Revisions on 12/31/08 Begin with the 4th Paragraph Down:
This Part 4 will look at the timing and logistical problems and incompatibilities with the possibility of whether there could be a second 'large capacity ferry vessel' company that could get approval to operate under Act 2. Part 5 of this series will look at how 'need' was and was not estabilished by the PUC, commented on formally by Mina Morita, and how Act 2 subtly altered that PUC conditioned 'need' to at one point what Act 2 calls 'critical' need, regardless of the fact that there was never a formal study undertaken to determine if in fact these designs would satisify any 'need' at all.

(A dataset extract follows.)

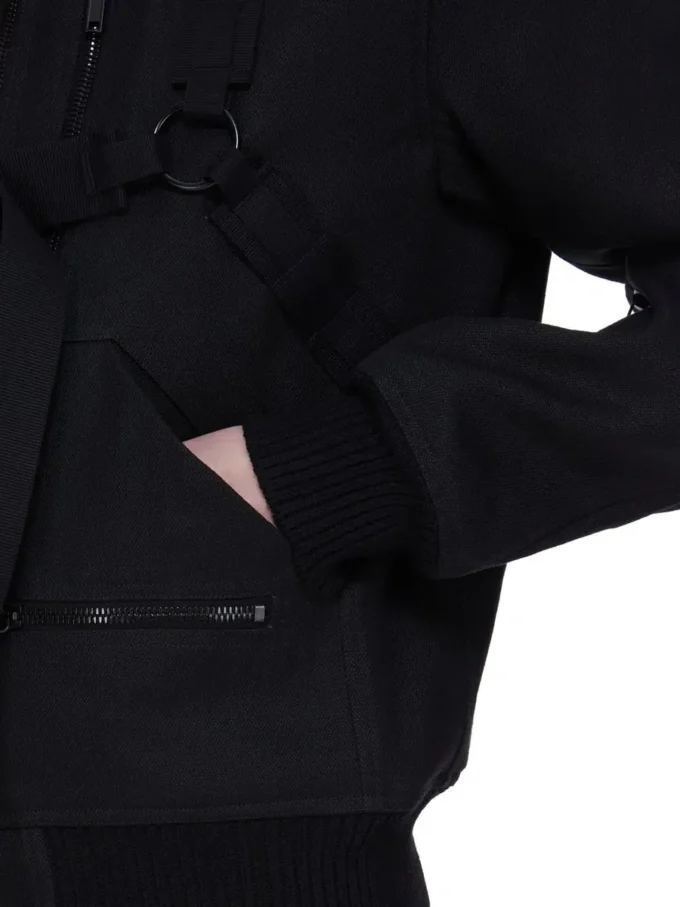 RICK OWENS – JACKETS RL02E1708WLIER1-09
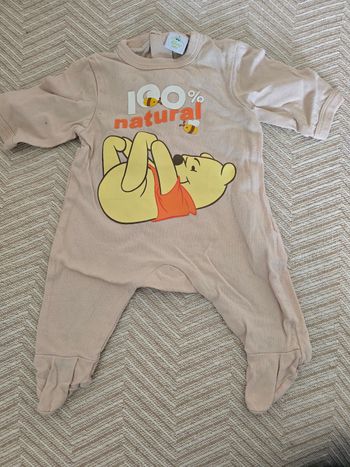 Pyjama bébé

For Part 4 the ideal document to be able to review and reference would be the Operating Agreement between DOT and HSF dated 9/7/05 and any amendments to that. If I were a State Supreme Court Justice, I would want to get a complete and thorough look at that document as it may shed light on any exclusive points of agreement that may exist that could logistically limit use of harbor facilities by any other 'large capacity ferry vessel' company, or any other points that the State might not be able to repeat for another company. Unfortunately that document is not available to the wider public to view, so I cannot draw from it.

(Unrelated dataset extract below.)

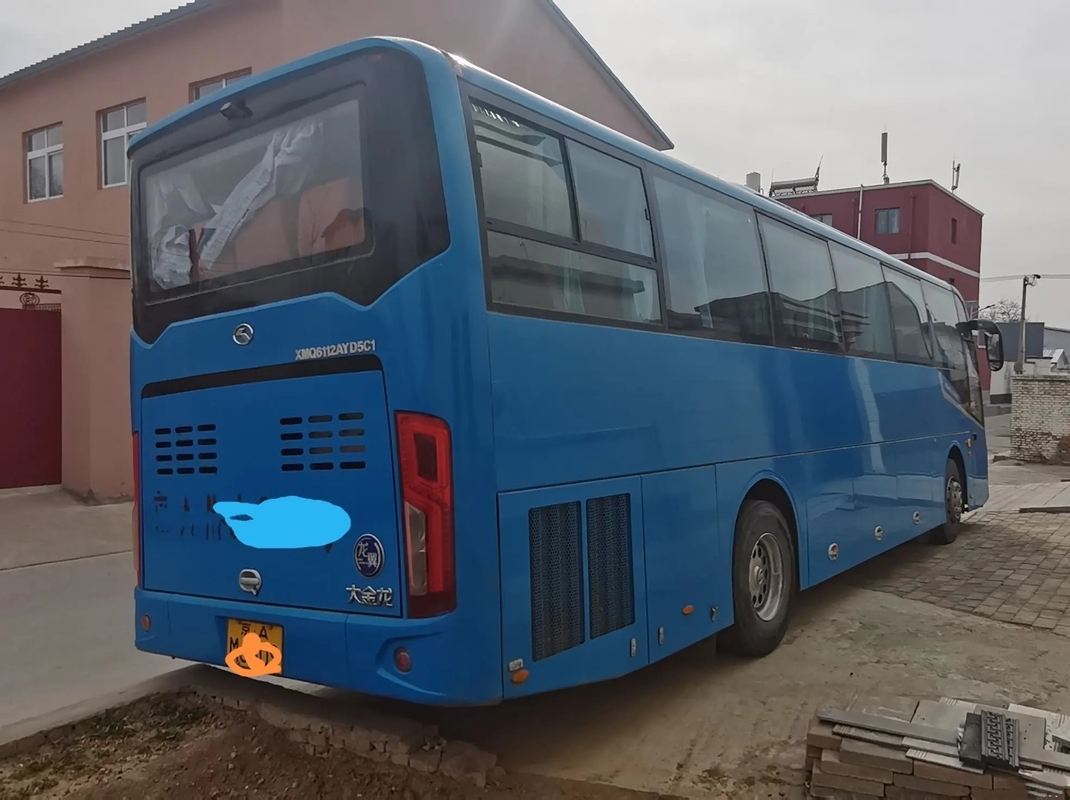Vecchia molla a lamelle del motore di Yuchai dei sedili di Bus 51 della vettura 11 metro che sigilla Kinglong usato finestra XMQ6112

Nevertheless, one can make some interesting conclusions, not widely known, from the official documents that are available to the public on this, and so I will make use of those listed in Part 1 of this series.
First, we should review some of the timeframe involved with Act 2. Act 2 was passed by the Legislature on 10/31/2007 and was enacted by the Governor on 11/02/2007. Act 2 (except for Section 16) will be repealed no later than the 45th day, excluding Saturdays, Sundays, and holidays, following adjournment sine die (early May) of the regular session of 2009, which would be about July 6th, 2009. That can be expected to be a total of a few days more than 20 months.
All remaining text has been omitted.